Write the expression for the expectation value of any physical observable $x$.

    $\langle x\rangle ={\displaystyle \underset{-\infty }{\overset{\infty }{\int }}{\left|\Psi \left(r\right)\right|}^{2}x{d}^{3}r}$

Here, $\Psi \left(r\right)$ is the wave function associated with the particle.

Write the expression for the wave function of the 1s electron in hydrogen atom.

    ${\Psi }_{1s}=\frac{1}{\sqrt{\pi a_0^3}}{e}^{-r/a_0}$

Here, ${\Psi }_{1s}$ is the wave function and $a_0$ is the Bohr’s radius.

Conclusion:

Substitute $\frac{1}{\sqrt{\pi a_0^3}}{e}^{-r/a_0}$ for $\Psi \left(r\right)$ and $1/r$ for $x$ in expression (I).

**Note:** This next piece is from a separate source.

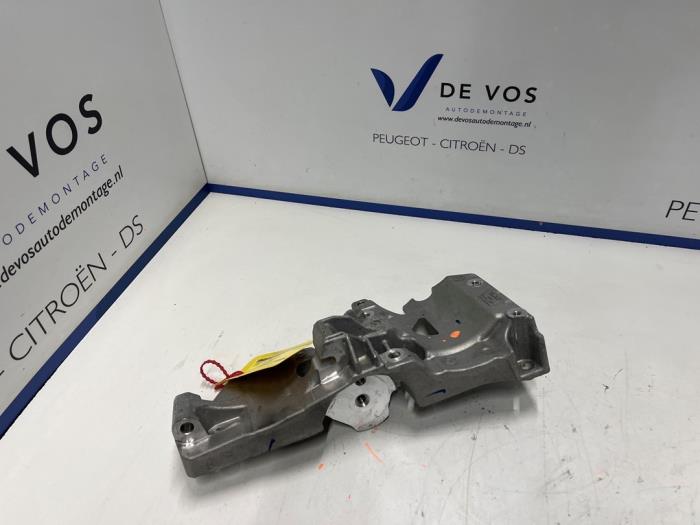 Gebrauchte Dynamostütze unten Citroen C3 (CB/CC) 1.2 PureTech 100 Preis € 20,00 Margenregelung angeboten von De Vos Onderdelen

    $\langle r\rangle =\left(\frac{1}{\pi a_0^3}\right){\displaystyle \underset{0}{\overset{\infty }{\int }}\frac{1}{r}{e}^{-2r/a_0}\left(4\pi r^{2}dr\right)}$

Simplify the above equation.

    $\langle r\rangle =\left(\frac{4}{a_0^3}\right){\displaystyle \underset{0}{\overset{\infty }{\int }}r{e}^{-2r/a_0}dr}$

Use the following identity to evaluate the above equation.

    ${\displaystyle \int uvdx=u{\displaystyle \int vdx-{\displaystyle \int \left[\frac{du}{dx}{\displaystyle \int vdx}\right]dx}}}$

Rearrange the equation for the expectation value of $r$.

    $\langle r\rangle =\frac{1}{a_0}$

Thus, the expectation value of $r$ is $\frac{1}{a_0}$.

(c)

To determine

The reason why $1/\langle r\rangle$ is not equal to $\langle 1/r\rangle$.

Answer to Problem 51E

Both the values of the quantities are not same.

Explanation of Solution

Physically $\langle r\rangle$ is the expectation value or the most probable value of the radius for the electron in the ground state of hydrogen. But $\langle 1/r\rangle$ is the expectation value of the inverse of the radius for the electron.

Physically both the quantities have two different interpretations.

Conclusion:

Thus, both the values of the quantities are not same.